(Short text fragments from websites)
--------

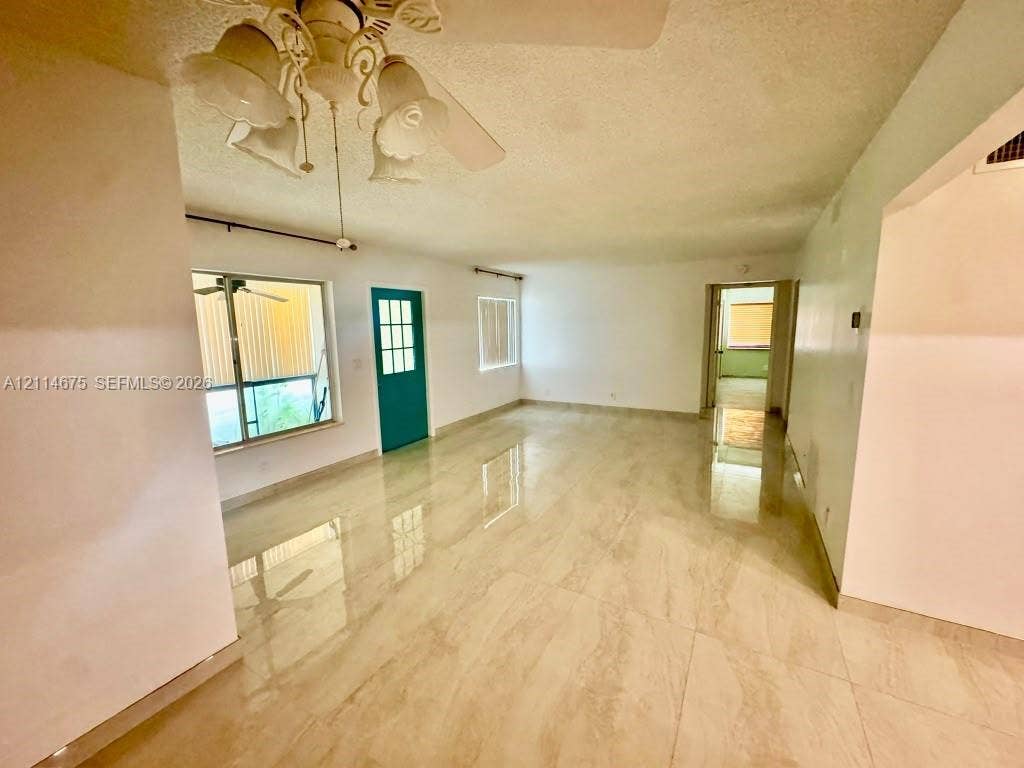 Polished stone-finish flooring, multi-pane exterior door with teal finish, dual windows with metallic frames, and decorative multi-light ceiling fixture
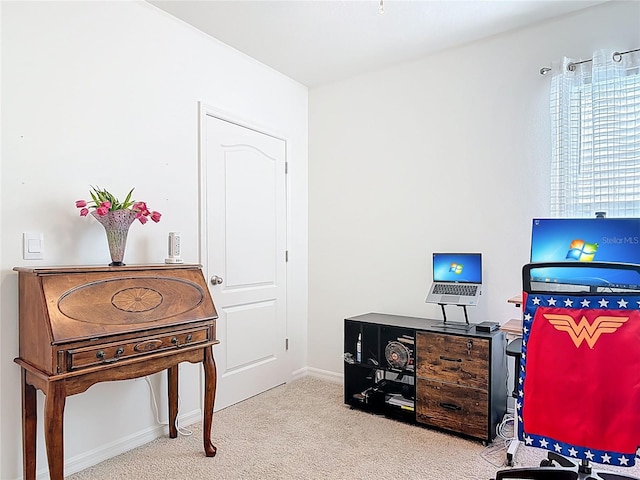 office with carpet flooring and baseboards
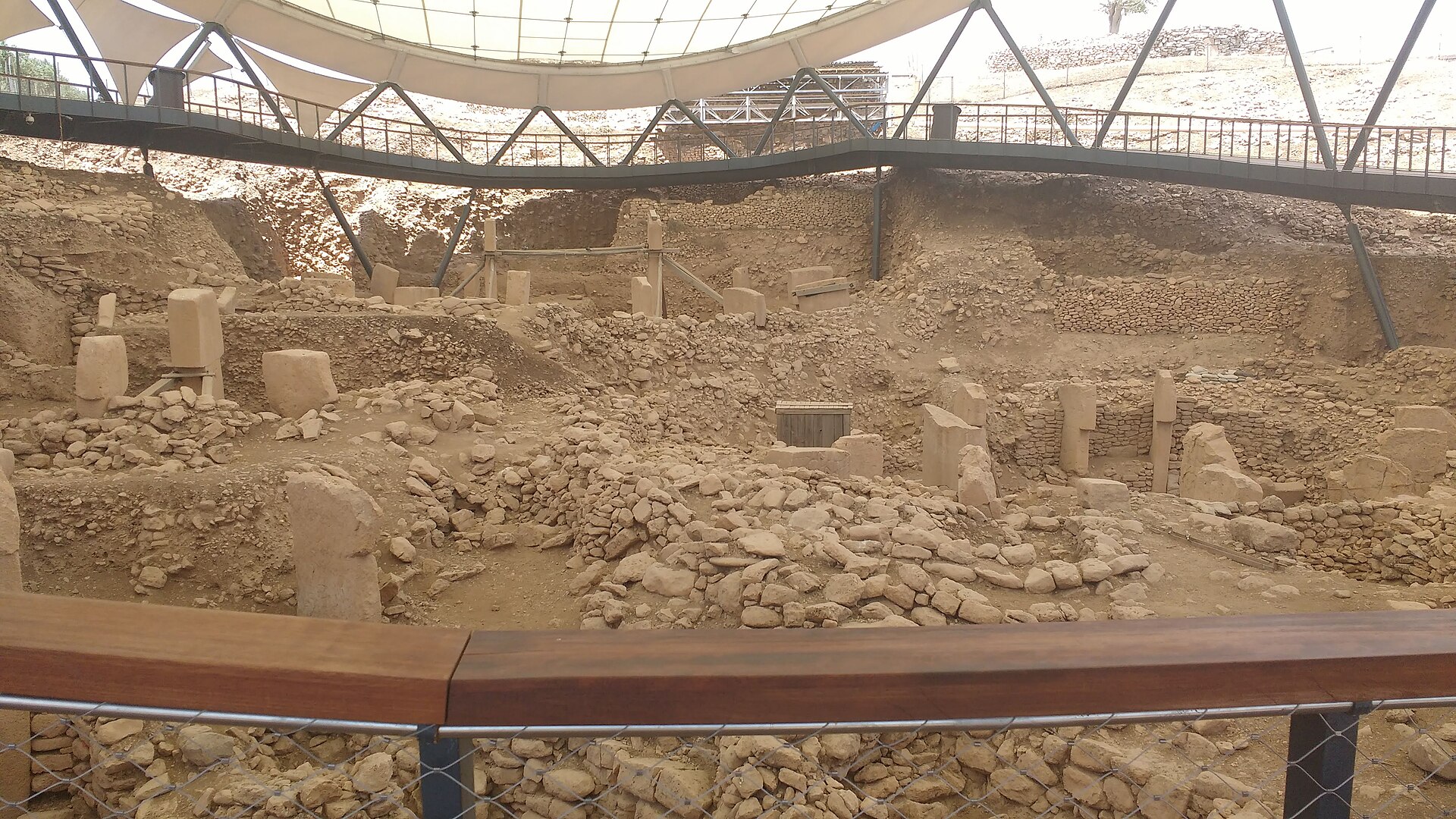 Enclosure view with carved T-pillars at Göbekli Tepe under the site canopy.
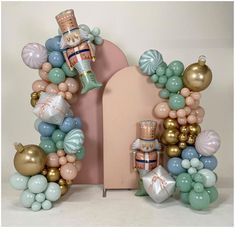 a balloon arch with a nutcracker and other decorations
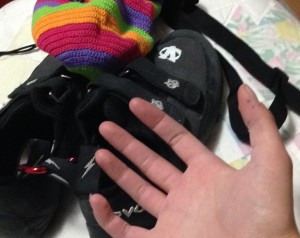 My hand in front of my climbing gear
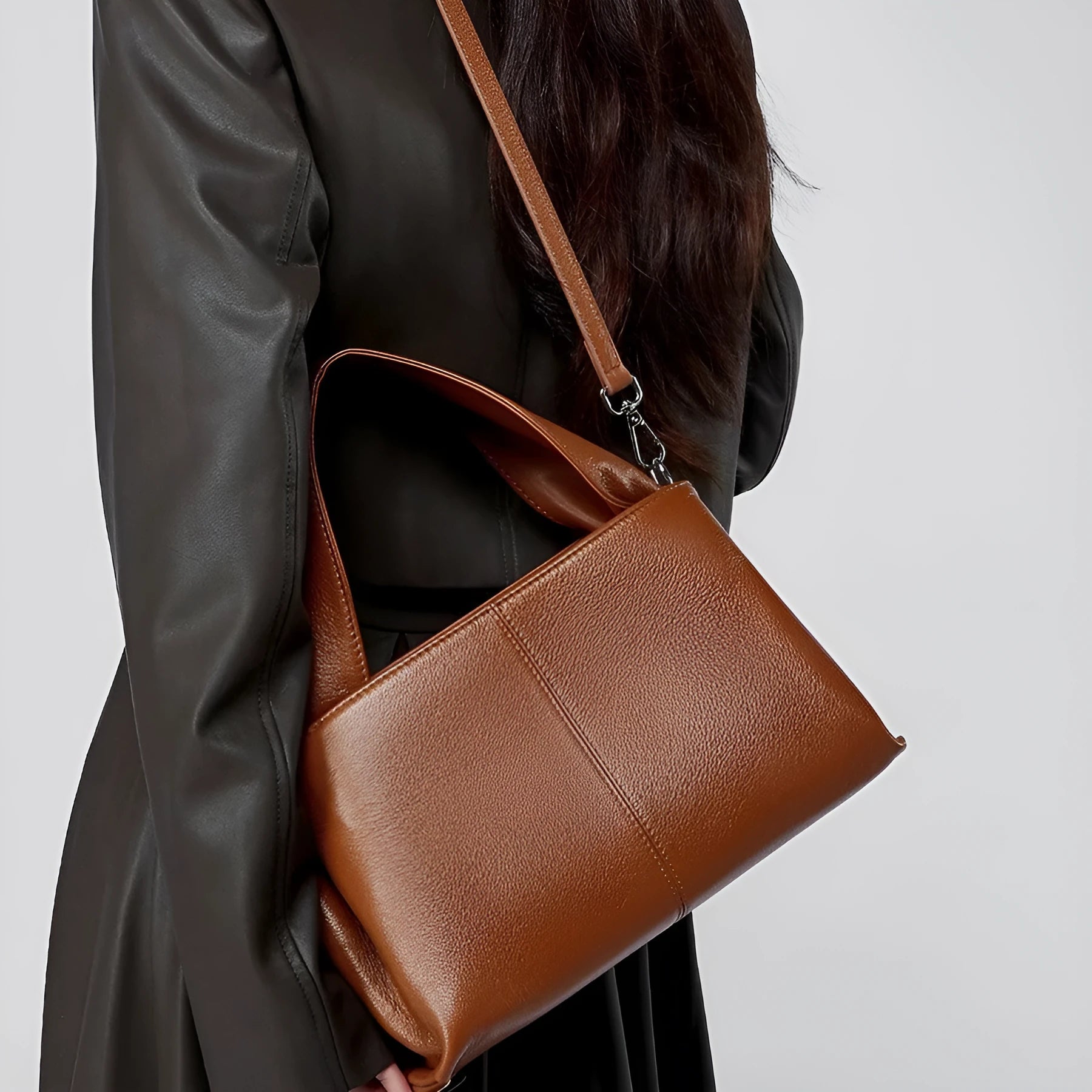 Women's brown retro texture leather messenger bag with a double shoulder strap shown on a table.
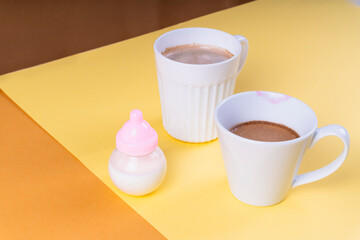 Breakfast hot drink for family with milk bottle and two coffee cups.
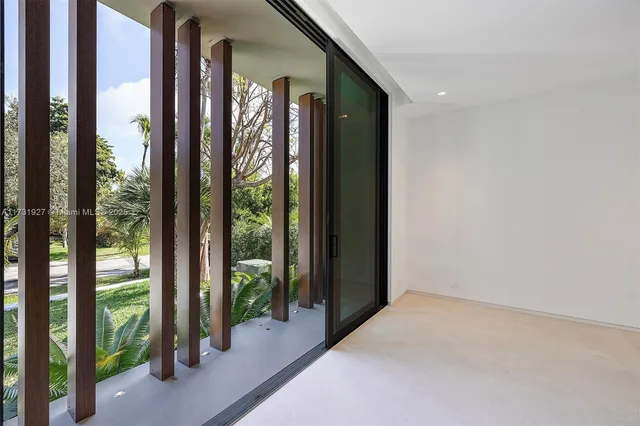 a spacious bedroom with a large window and balcony
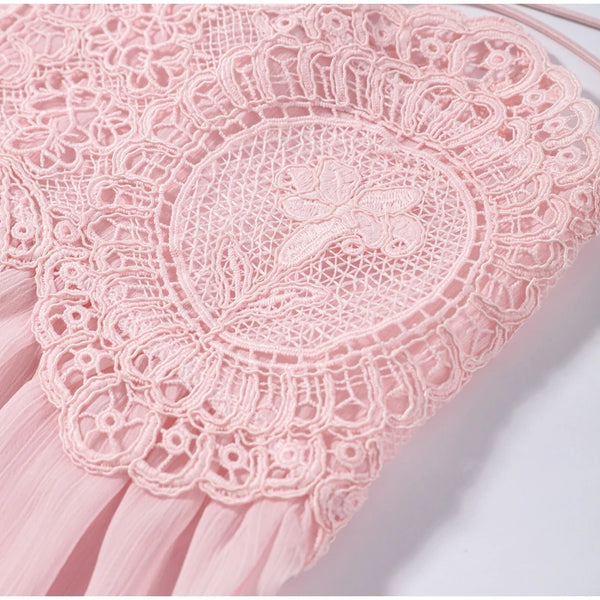 Intricate printed lace pattern detail on sleeveless formal top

--------

Task description: What is needed is an exact copy of the lines from the line with "Women's brown retro" to the end of the data above, both included, without any pictures.

Solution:
 Women's brown retro texture leather messenger bag with a double shoulder strap shown on a table.
 Breakfast hot drink for family with milk bottle and two coffee cups.
 a spacious bedroom with a large window and balcony
 Intricate printed lace pattern detail on sleeveless formal top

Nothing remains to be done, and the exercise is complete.